Task prompt
Reproduce the top of the data verbatim, through and including the line that contains "Seamless pattern with".

**** Supplied records

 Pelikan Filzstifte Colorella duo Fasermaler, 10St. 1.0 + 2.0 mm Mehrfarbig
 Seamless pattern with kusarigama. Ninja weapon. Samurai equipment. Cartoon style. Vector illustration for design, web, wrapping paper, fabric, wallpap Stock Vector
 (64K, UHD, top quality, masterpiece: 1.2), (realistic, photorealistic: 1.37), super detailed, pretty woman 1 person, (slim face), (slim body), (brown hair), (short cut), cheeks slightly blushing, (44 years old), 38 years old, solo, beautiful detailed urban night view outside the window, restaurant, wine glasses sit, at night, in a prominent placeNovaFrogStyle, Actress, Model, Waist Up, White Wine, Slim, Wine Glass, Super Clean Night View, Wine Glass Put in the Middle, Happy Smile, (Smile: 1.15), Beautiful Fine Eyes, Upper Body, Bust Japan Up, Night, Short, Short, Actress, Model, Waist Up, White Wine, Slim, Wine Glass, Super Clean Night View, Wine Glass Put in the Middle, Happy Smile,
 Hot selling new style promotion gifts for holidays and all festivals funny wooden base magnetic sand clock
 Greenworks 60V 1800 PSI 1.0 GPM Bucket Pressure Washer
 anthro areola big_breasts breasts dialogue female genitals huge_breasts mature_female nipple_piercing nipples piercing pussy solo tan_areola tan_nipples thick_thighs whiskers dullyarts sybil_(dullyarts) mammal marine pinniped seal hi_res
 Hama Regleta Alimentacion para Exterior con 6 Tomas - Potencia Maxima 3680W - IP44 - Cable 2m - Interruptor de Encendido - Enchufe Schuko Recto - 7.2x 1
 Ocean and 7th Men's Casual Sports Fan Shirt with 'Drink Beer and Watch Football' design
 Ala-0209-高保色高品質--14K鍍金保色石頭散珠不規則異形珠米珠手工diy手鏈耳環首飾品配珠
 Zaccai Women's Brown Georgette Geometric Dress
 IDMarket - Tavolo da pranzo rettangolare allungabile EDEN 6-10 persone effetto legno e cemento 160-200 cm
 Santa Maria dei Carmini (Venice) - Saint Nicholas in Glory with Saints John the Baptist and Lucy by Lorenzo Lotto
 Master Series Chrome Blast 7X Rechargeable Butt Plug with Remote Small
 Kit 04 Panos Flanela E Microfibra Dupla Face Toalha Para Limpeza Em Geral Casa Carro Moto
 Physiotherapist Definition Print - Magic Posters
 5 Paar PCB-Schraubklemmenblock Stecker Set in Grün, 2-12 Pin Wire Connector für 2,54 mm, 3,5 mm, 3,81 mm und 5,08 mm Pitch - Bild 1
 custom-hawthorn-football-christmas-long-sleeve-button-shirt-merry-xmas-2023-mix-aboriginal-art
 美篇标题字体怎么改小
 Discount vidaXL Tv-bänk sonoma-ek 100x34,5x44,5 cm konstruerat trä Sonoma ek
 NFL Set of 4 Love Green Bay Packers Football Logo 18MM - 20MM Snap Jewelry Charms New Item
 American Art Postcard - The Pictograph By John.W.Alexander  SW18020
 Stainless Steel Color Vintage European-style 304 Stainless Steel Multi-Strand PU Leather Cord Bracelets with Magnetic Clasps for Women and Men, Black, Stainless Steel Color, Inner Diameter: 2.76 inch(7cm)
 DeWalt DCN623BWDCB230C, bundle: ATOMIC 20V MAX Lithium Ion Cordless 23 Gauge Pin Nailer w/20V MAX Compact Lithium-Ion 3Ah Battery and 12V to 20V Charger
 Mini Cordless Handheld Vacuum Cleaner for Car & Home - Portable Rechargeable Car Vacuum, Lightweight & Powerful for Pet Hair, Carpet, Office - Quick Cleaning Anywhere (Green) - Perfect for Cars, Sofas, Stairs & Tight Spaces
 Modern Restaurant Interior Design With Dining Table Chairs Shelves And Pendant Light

********

Written reply
 Pelikan Filzstifte Colorella duo Fasermaler, 10St. 1.0 + 2.0 mm Mehrfarbig
 Seamless pattern with kusarigama. Ninja weapon. Samurai equipment. Cartoon style. Vector illustration for design, web, wrapping paper, fabric, wallpap Stock Vector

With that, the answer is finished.